--- TASK PROMPT ---
Every line from the one containing "Haipai Sweetheart Pink" to the end of the data below should be copied exactly, but pictures should not.

--- INFORMATION SUPPLIED ---
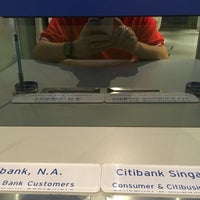 Photo taken at Citibank by Victor Koh Y. on 7/18/2016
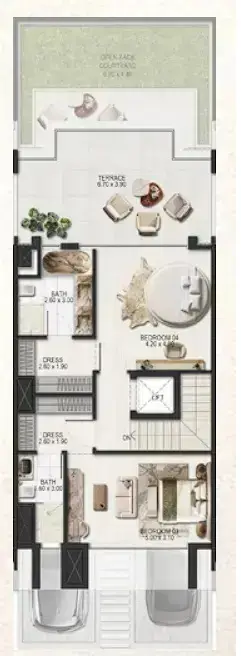 4BR Villa - Second Floor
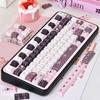 Haipai Sweetheart Pink Keycaps Cherry Pbt Black Pink Keycaps Cute Girly Black Pink Keycaps 138Keys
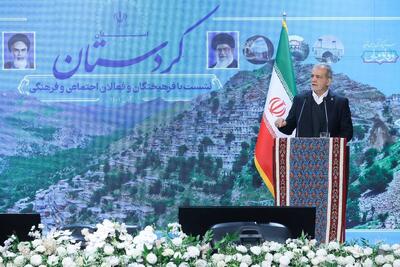  کردستان شایستگی دارد که الگوی توسعه و همدلی کشور باشد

--- ANSWER TO THE EXERCISE ---
 Haipai Sweetheart Pink Keycaps Cherry Pbt Black Pink Keycaps Cute Girly Black Pink Keycaps 138Keys
  کردستان شایستگی دارد که الگوی توسعه و همدلی کشور باشد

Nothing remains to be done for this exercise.